§ **Records for the exercise**:
__________
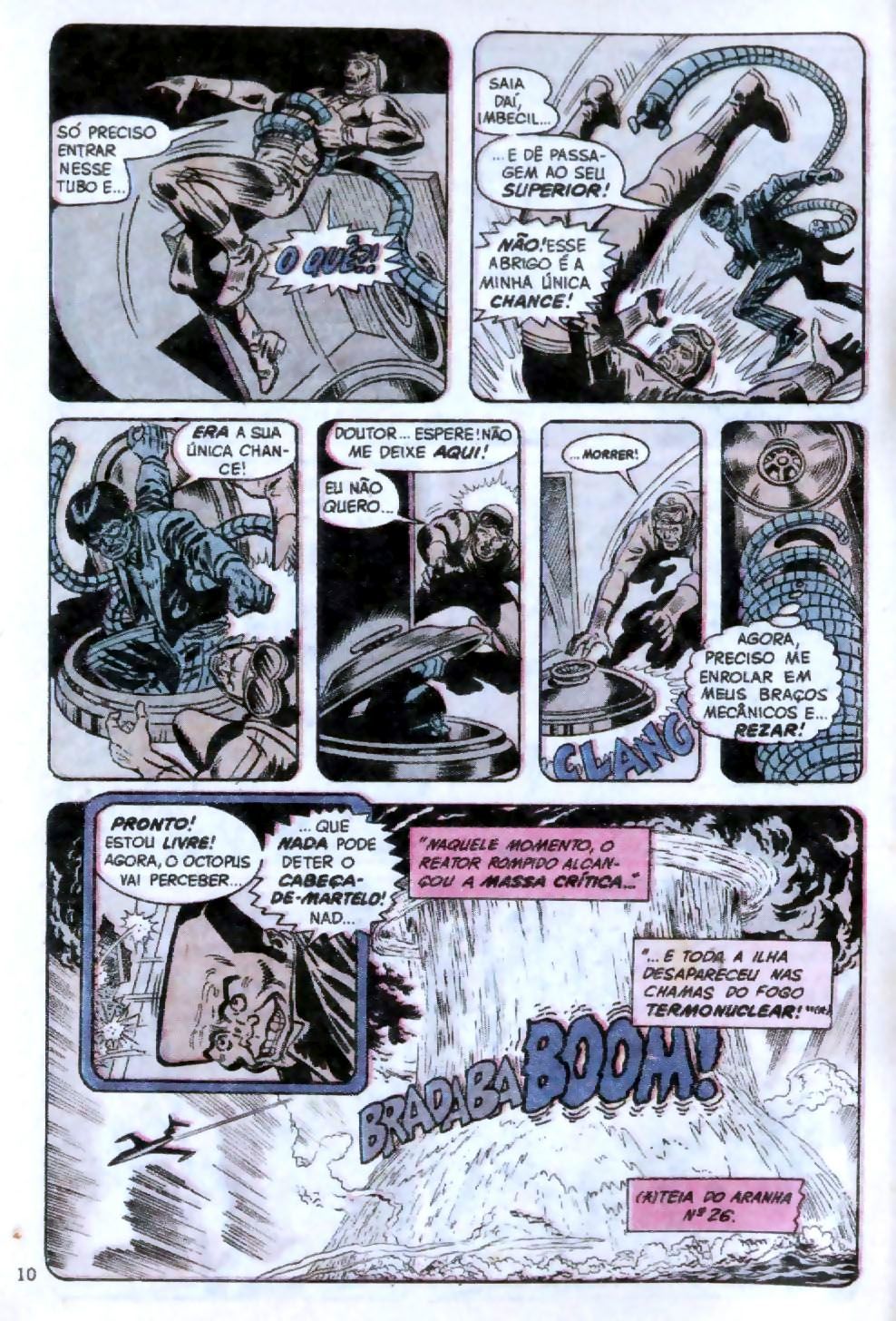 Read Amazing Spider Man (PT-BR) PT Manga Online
__________
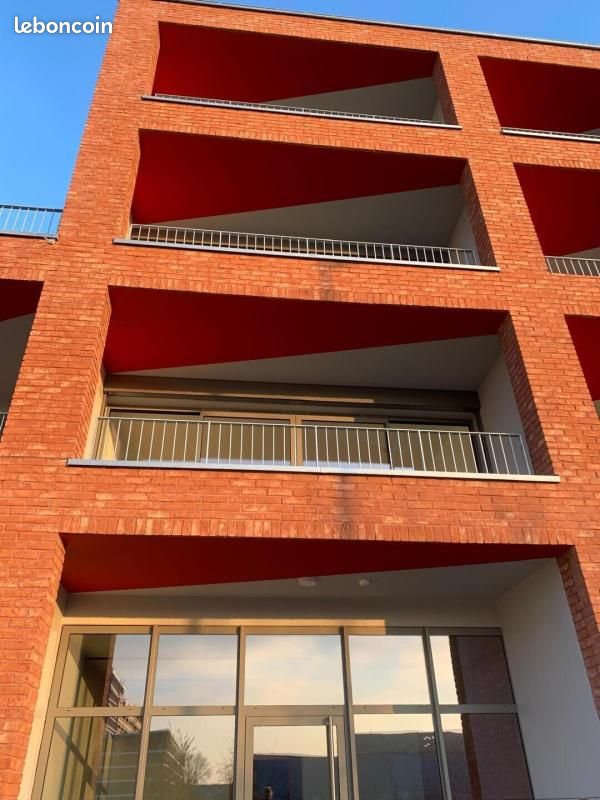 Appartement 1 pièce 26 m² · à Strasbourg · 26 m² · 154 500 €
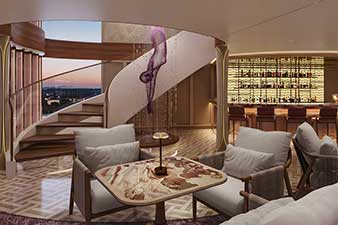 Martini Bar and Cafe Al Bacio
__________
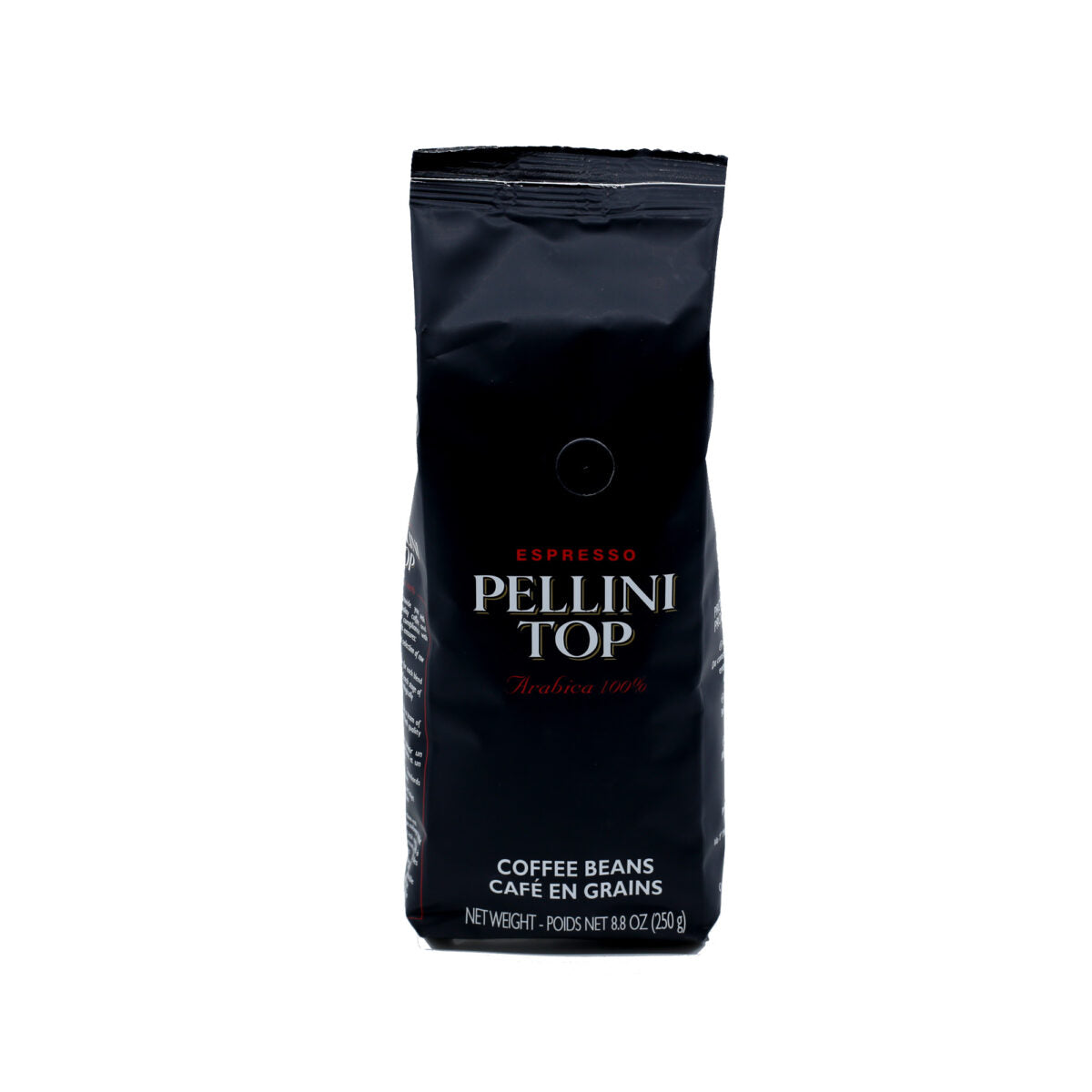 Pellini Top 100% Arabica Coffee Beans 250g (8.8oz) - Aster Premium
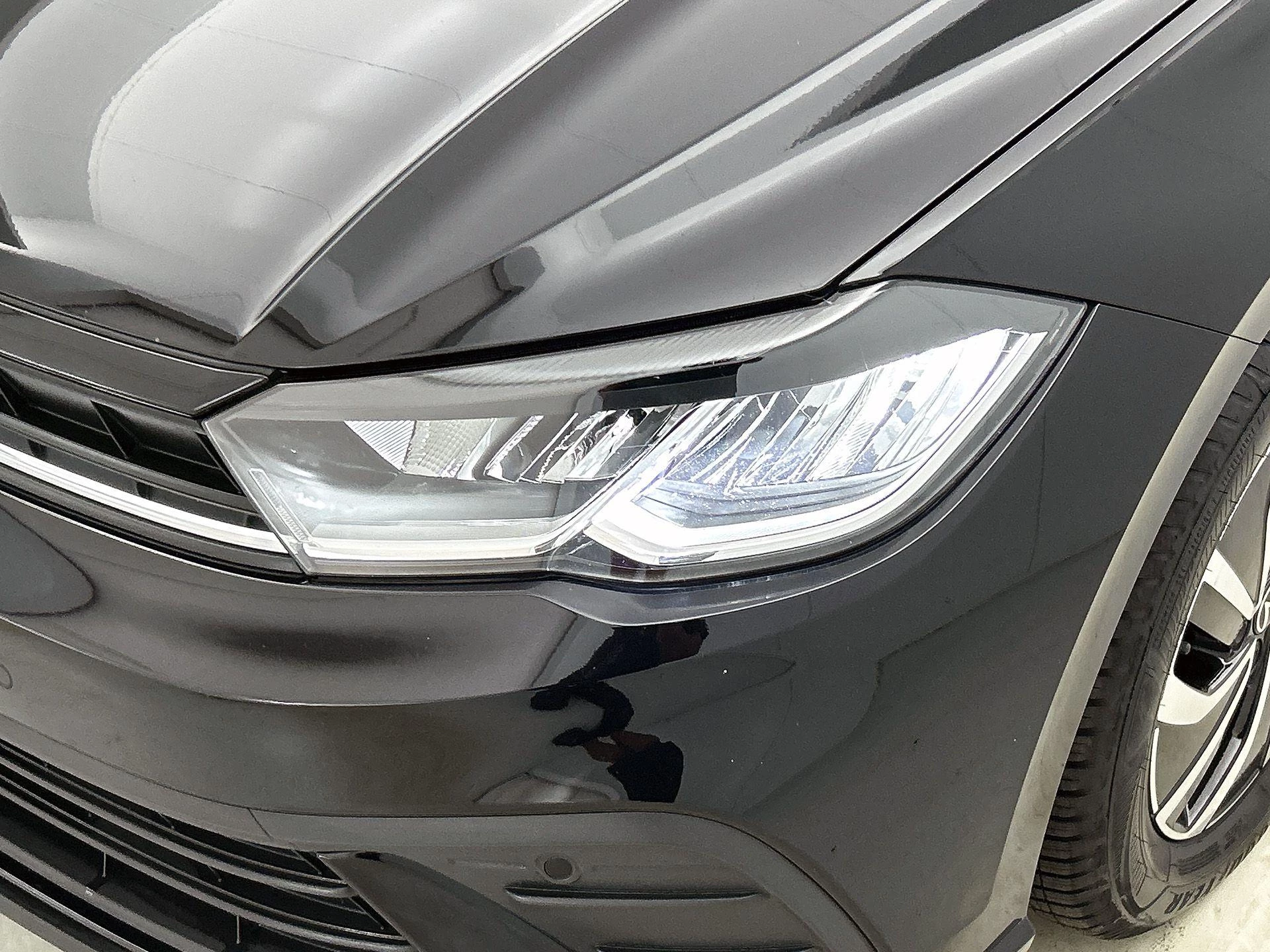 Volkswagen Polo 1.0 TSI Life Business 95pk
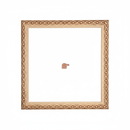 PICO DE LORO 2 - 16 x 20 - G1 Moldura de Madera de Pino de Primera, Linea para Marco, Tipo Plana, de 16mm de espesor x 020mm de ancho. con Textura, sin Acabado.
__________
§ **How to complete this task**:
Because only one stretch of the records is wanted, please output the lines from the one holding "Volkswagen Polo 1.0 TSI Life Business 95pk" through the one holding "PICO DE LORO" exactly, both included, and leave every picture out.

§ **Answer section**:
 Volkswagen Polo 1.0 TSI Life Business 95pk
 PICO DE LORO 2 - 16 x 20 - G1 Moldura de Madera de Pino de Primera, Linea para Marco, Tipo Plana, de 16mm de espesor x 020mm de ancho. con Textura, sin Acabado.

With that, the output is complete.